## Input material
━━━━━━━━━━
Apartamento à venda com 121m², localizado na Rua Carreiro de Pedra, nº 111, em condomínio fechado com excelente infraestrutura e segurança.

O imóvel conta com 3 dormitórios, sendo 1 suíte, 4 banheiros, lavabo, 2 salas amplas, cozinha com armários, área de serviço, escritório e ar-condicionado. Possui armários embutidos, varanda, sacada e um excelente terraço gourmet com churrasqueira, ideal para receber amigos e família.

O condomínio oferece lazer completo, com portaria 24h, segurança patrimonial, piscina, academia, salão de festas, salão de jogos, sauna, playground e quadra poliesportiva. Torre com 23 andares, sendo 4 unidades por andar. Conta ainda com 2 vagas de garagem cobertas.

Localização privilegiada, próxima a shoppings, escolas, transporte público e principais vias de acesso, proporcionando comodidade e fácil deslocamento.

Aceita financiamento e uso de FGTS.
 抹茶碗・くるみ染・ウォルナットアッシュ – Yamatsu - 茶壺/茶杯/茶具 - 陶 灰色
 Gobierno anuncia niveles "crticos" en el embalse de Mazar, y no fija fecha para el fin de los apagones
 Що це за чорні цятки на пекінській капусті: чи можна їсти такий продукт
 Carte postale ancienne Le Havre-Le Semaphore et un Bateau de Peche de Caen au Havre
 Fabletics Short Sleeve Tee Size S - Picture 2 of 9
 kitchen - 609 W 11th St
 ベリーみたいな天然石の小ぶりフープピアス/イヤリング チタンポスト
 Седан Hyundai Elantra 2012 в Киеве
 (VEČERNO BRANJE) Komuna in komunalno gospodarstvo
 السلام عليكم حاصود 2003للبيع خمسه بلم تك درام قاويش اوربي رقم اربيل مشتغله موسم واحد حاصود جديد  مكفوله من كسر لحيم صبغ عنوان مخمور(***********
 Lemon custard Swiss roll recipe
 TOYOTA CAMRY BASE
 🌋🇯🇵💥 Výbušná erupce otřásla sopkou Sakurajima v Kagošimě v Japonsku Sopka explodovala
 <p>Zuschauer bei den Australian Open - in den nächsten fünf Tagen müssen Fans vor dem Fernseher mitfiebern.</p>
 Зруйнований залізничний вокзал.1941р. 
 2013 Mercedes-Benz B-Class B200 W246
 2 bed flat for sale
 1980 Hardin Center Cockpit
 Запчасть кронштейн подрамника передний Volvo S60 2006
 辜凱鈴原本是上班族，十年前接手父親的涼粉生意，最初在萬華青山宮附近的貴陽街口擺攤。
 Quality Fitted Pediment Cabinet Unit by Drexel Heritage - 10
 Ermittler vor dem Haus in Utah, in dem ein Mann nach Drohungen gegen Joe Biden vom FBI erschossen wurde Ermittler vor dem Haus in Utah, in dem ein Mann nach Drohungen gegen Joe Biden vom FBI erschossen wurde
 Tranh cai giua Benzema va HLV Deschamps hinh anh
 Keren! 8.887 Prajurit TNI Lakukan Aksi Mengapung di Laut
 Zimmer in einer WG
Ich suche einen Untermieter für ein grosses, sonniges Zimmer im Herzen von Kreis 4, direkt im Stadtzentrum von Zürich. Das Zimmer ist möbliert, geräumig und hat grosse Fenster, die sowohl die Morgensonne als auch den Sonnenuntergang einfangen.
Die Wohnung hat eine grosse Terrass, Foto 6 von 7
━━━━━━━━━━
## Problem to solve
Given the records above, reproduce precisely and only the lines between the line holding "kitchen - 609 W 11th St" and the line holding "Zimmer in einer WG", inclusive.

## Result of this task
 kitchen - 609 W 11th St
 ベリーみたいな天然石の小ぶりフープピアス/イヤリング チタンポスト
 Седан Hyundai Elantra 2012 в Киеве
 (VEČERNO BRANJE) Komuna in komunalno gospodarstvo
 السلام عليكم حاصود 2003للبيع خمسه بلم تك درام قاويش اوربي رقم اربيل مشتغله موسم واحد حاصود جديد  مكفوله من كسر لحيم صبغ عنوان مخمور(***********
 Lemon custard Swiss roll recipe
 TOYOTA CAMRY BASE
 🌋🇯🇵💥 Výbušná erupce otřásla sopkou Sakurajima v Kagošimě v Japonsku Sopka explodovala
 <p>Zuschauer bei den Australian Open - in den nächsten fünf Tagen müssen Fans vor dem Fernseher mitfiebern.</p>
 Зруйнований залізничний вокзал.1941р. 
 2013 Mercedes-Benz B-Class B200 W246
 2 bed flat for sale
 1980 Hardin Center Cockpit
 Запчасть кронштейн подрамника передний Volvo S60 2006
 辜凱鈴原本是上班族，十年前接手父親的涼粉生意，最初在萬華青山宮附近的貴陽街口擺攤。
 Quality Fitted Pediment Cabinet Unit by Drexel Heritage - 10
 Ermittler vor dem Haus in Utah, in dem ein Mann nach Drohungen gegen Joe Biden vom FBI erschossen wurde Ermittler vor dem Haus in Utah, in dem ein Mann nach Drohungen gegen Joe Biden vom FBI erschossen wurde
 Tranh cai giua Benzema va HLV Deschamps hinh anh
 Keren! 8.887 Prajurit TNI Lakukan Aksi Mengapung di Laut
 Zimmer in einer WG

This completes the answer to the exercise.